**SUPPLIED MATERIAL:**
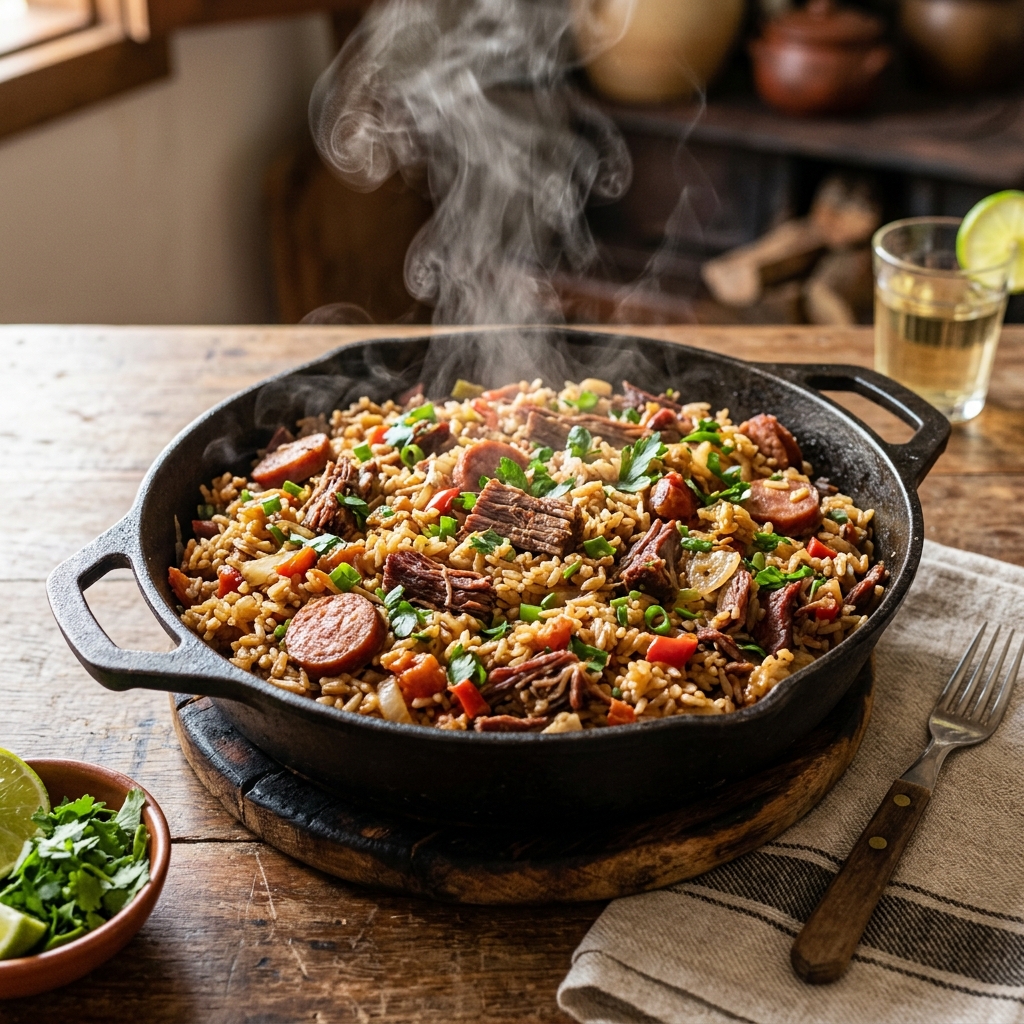 Arroz Carreteiro Gaúcho: A Receita Rustica do Mestre Bololo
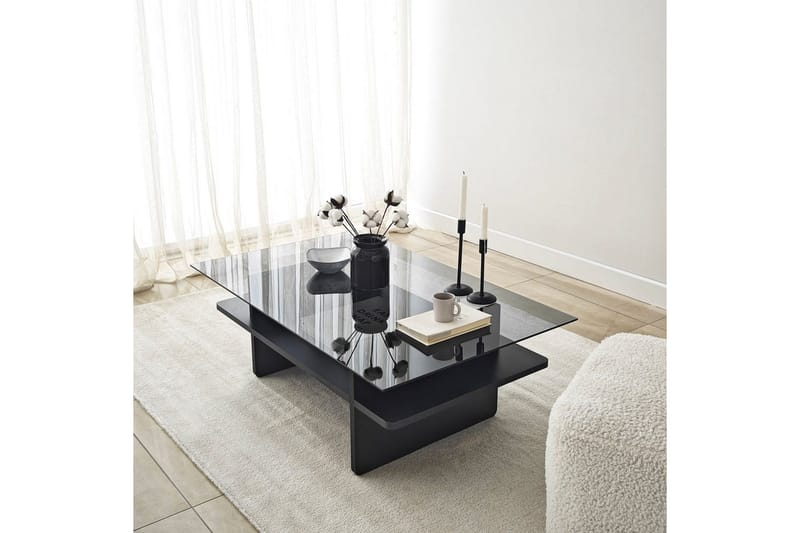 Soffbord Rubby Rektangel Svart / Rök - Svart / Rök - Möbler - Vardagsrum - Soffbord & vardagsrumsbord - Soffbord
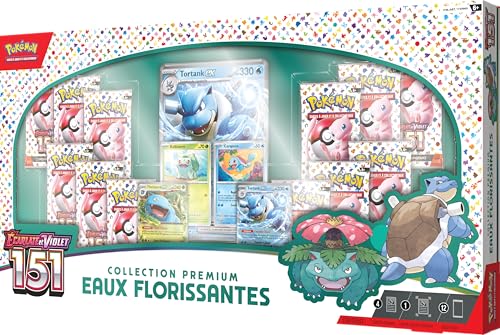 Pokémon: Collection Premium Eaux Florissantes du JCC Pokémon (4 Cartes Promo Brillantes, 1 Carte Grand Format Brillante et 12 boosters)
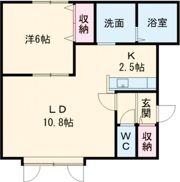 メゾン・ド・ユウキⅢAの間取り画像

**INSTRUCTIONS FOR THE TASK:**
Please write out all the data word for word, but keep every picture out.

**EXERCISE RESPONSE:**
 Arroz Carreteiro Gaúcho: A Receita Rustica do Mestre Bololo
 Soffbord Rubby Rektangel Svart / Rök - Svart / Rök - Möbler - Vardagsrum - Soffbord & vardagsrumsbord - Soffbord
 Pokémon: Collection Premium Eaux Florissantes du JCC Pokémon (4 Cartes Promo Brillantes, 1 Carte Grand Format Brillante et 12 boosters)
 メゾン・ド・ユウキⅢAの間取り画像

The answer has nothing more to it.